BEGIN TASK DATA

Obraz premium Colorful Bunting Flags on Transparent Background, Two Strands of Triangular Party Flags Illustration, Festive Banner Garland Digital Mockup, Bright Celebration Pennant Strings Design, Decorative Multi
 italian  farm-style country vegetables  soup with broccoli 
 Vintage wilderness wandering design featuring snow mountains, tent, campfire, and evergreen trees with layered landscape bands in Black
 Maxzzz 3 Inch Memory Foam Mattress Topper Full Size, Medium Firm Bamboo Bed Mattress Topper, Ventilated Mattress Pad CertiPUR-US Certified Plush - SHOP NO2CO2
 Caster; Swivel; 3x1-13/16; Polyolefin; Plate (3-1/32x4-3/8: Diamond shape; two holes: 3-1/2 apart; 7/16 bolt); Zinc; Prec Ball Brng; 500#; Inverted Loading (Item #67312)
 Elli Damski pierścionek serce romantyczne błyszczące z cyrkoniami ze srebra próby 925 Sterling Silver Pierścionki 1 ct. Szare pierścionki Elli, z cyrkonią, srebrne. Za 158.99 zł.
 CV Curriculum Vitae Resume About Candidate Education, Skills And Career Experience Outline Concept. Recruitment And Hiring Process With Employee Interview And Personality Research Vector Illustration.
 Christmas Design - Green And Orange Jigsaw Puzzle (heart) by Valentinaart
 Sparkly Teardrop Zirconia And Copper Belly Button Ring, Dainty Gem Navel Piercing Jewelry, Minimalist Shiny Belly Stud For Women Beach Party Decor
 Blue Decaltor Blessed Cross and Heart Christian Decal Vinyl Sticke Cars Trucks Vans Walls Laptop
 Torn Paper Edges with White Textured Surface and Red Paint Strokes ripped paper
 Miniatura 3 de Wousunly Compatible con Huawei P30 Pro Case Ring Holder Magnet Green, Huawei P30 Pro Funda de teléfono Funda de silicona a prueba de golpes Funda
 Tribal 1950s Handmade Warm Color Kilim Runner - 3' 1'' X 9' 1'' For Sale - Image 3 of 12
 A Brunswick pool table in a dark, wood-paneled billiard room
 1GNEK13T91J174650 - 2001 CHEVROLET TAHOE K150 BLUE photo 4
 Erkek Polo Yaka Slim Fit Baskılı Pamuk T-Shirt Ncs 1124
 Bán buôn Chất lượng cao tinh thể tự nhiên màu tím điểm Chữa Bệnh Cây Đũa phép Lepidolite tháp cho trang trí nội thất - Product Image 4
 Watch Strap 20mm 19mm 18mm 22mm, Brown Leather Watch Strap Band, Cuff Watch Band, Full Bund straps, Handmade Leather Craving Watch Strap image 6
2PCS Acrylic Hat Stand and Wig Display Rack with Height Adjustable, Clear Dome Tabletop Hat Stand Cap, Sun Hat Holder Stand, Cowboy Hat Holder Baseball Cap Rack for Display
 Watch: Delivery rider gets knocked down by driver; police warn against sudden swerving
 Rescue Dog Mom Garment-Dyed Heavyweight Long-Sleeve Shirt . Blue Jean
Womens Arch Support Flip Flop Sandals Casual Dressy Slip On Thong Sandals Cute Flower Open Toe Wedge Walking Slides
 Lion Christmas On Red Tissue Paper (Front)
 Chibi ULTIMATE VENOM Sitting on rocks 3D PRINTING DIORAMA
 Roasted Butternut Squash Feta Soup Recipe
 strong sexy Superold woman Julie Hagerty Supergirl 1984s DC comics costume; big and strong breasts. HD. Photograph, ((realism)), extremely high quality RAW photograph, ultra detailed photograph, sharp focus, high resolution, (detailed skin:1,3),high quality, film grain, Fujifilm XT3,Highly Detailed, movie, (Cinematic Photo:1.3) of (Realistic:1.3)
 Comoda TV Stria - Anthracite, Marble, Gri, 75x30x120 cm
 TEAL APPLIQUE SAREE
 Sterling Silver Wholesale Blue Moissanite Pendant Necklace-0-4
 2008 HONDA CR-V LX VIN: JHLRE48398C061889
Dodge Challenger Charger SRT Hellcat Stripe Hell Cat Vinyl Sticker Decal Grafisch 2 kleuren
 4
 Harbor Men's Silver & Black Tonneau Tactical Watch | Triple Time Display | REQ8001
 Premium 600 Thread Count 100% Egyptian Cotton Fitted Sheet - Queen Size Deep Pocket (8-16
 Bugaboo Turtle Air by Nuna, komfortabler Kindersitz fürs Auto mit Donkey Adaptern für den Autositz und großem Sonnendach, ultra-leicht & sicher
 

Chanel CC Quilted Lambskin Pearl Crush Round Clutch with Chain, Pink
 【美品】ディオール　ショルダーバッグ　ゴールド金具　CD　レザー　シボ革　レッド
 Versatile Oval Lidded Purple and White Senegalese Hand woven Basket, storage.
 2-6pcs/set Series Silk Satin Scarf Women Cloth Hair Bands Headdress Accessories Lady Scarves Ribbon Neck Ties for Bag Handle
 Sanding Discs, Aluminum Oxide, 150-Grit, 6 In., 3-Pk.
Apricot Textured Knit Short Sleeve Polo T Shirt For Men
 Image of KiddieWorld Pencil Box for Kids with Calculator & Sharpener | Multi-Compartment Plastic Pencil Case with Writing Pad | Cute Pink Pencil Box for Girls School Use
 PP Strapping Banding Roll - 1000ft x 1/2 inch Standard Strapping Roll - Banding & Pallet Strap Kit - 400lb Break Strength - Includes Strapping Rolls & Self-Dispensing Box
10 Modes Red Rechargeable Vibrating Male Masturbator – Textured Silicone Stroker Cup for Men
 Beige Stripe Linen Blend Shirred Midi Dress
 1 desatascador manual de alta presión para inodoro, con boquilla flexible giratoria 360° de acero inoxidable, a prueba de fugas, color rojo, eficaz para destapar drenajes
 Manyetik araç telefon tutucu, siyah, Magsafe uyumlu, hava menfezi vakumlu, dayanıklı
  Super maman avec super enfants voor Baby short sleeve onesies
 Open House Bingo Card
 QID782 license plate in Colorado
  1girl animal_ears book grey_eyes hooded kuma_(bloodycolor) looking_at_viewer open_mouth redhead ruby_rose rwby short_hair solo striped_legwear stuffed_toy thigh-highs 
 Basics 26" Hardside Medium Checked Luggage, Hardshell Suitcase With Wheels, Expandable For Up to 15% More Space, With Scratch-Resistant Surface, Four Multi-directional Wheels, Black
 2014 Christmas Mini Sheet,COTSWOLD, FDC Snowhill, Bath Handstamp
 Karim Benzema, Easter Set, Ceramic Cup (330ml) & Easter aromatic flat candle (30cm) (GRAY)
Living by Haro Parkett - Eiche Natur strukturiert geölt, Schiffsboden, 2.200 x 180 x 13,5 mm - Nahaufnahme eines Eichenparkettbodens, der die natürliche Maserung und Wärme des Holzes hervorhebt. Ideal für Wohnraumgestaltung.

END TASK DATA

**WORK ITEM:**
Some of the data mentions "Watch". Copy every line where it does.

**SOLUTION TO THIS PROBLEM:**
 Watch Strap 20mm 19mm 18mm 22mm, Brown Leather Watch Strap Band, Cuff Watch Band, Full Bund straps, Handmade Leather Craving Watch Strap image 6
 Watch: Delivery rider gets knocked down by driver; police warn against sudden swerving
 Harbor Men's Silver & Black Tonneau Tactical Watch | Triple Time Display | REQ8001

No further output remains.